A system to make sure that there were enough staff available to meet peoples’ needs at all times was not in operation. Action had not been taken in a timely manner to maintain the building. Contingency plans were in place so that staff knew what action to take in the event of an emergency.

The recruitment procedure hadn’t always been followed. This meant that one person had been employed before all of the relevant checks had been completed. Staff were receiving regular supervisions.

The registered manager was not aware of what training or competency assessments some staff had completed. Not all staff had received the training that they required to meet people’s assessed needs. This placed people at risk of receiving care that was inappropriate. Staff were aware of the procedure to follow if they thought someone had been harmed in any way.

Although staff had made referrals to health professionals the information that they received was not always followed.

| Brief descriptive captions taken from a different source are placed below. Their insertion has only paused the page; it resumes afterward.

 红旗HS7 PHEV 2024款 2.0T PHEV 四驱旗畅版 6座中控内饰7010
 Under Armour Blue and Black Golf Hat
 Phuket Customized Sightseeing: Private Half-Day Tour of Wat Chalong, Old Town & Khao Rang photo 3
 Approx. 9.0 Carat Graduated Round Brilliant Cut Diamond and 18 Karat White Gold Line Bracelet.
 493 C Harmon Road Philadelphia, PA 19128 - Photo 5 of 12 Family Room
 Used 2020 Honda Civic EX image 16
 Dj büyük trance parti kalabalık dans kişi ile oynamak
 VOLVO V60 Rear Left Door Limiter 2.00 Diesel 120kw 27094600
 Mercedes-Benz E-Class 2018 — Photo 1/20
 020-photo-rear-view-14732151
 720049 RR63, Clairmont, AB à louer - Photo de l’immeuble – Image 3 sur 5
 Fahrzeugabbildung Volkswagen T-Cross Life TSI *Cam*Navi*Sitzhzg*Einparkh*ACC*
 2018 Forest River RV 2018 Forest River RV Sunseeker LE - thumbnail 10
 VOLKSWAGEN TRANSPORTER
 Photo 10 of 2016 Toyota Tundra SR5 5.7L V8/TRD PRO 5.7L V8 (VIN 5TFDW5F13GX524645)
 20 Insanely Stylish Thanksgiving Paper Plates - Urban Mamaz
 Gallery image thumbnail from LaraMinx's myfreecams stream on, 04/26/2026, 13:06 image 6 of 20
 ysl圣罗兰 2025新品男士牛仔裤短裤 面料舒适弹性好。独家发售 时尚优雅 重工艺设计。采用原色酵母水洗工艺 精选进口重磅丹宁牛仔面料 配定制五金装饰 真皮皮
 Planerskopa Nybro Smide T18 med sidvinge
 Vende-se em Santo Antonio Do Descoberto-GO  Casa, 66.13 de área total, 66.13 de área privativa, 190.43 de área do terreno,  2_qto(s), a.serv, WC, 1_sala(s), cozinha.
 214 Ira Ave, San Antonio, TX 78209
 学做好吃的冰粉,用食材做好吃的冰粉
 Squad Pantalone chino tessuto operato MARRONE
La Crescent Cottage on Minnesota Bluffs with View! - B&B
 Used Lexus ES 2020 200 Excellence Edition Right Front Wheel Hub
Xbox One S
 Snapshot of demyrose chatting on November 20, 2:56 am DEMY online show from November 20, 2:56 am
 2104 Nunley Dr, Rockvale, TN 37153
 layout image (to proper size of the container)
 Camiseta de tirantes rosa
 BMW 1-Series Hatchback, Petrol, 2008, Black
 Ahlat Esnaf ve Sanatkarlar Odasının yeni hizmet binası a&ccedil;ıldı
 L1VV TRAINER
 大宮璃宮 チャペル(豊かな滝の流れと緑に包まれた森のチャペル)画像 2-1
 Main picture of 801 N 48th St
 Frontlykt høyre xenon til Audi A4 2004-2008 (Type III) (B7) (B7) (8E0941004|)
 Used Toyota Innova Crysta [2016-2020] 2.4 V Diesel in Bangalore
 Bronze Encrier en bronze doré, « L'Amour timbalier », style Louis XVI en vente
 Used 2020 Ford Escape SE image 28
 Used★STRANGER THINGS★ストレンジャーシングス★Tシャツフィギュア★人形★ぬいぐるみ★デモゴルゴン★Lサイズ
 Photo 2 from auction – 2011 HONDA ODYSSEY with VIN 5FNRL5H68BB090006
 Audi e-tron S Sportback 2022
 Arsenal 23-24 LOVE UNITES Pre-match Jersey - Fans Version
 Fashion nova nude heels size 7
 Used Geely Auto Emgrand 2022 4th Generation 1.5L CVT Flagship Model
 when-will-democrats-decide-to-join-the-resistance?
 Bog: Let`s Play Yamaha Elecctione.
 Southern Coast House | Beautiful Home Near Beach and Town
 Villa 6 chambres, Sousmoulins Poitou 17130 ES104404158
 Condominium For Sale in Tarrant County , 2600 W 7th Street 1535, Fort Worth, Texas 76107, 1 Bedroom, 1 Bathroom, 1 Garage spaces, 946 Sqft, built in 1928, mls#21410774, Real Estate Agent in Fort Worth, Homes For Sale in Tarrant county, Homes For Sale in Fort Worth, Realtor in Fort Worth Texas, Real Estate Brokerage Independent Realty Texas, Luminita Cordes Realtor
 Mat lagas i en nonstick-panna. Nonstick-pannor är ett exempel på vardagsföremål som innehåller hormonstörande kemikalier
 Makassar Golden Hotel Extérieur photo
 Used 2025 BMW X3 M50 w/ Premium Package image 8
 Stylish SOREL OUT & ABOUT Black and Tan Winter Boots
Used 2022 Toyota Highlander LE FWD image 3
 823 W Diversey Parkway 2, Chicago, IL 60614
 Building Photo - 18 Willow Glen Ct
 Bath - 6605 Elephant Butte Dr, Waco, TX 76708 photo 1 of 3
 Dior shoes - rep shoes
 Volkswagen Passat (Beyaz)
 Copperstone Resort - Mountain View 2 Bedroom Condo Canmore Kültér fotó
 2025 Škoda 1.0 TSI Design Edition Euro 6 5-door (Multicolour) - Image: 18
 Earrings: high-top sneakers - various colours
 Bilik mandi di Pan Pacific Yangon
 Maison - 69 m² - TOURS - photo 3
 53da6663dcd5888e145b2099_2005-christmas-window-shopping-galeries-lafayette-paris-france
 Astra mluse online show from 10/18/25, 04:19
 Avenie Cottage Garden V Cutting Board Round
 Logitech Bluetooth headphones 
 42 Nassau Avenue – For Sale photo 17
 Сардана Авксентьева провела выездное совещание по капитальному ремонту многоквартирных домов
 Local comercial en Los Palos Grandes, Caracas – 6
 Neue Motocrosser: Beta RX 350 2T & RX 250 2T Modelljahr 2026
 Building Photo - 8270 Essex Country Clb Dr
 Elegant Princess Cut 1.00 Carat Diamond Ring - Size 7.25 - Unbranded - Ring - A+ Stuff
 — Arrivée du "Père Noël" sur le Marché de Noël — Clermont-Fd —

The requirements of the Mental Capacity Act 2005 (MCA) and the Deprivation of Liberty Safeguards (DoLS) had not been complied with. This meant that where people were being restricted from leaving the home on their own to ensure their safety, this had not always been done in line with the legal requirements. Staff did not have a good understanding of the principles of people being assessed as having capacity or making best interest decisions.

People’s dignity, respect and privacy was not always maintained. People’s records were not held securely and confidential information was accessible to other people and visitors to the service.

Adequate food and drink was provided. However people were not always offered choices about what they would like to eat and drink. Staff did not always follow the guidance provided by the speech and language therapist about suitable diets.

Care plans did not contain all of the relevant information that staff required so that they knew how to meet people’s current needs. We could not be confident that people always received the care and support that they needed. People were not encouraged and supported to take part in a range of activities that they may enjoy.

The provider and registered manager were not aware of the shortfalls in the quality of the service we found at the inspection Although the provider had stated that they would carry out checks of the service on a six weekly basis these had not always been completed..

The overall rating for this service is ‘Inadequate’ and the service is therefore in ‘Special measures’. Services in special measures will be kept under review and, if we have not taken immediate action to propose to cancel the provider’s registration of the service, will be inspected again within six months. The expectation is that providers found to have been providing inadequate care should have made significant improvements within this timeframe.

If not enough improvement is made within this timeframe so that there is still a rating of inadequate for any key question or overall, we will take action in line with our enforcement procedures to begin the process of preventing the provider from operating this service. This will lead to cancelling their registration or to varying the terms of their registration within six months if they do not improve. This service will continue to be kept under review and, if needed, could be escalated to urgent enforcement action. Where necessary, another inspection will be conducted within a further six months, and if there is not enough improvement so there is still a rating of inadequate for any key question or overall, we will take action to prevent the provider from operating this service. This will lead to cancelling their registration or to varying the terms of their registration.

For adult social care services the maximum time for being in special measures will usually be no more than 12 months. If the service has demonstrated improvements when we inspect it and it is no longer rated as inadequate for any of the five key questions it will no longer be in special measures.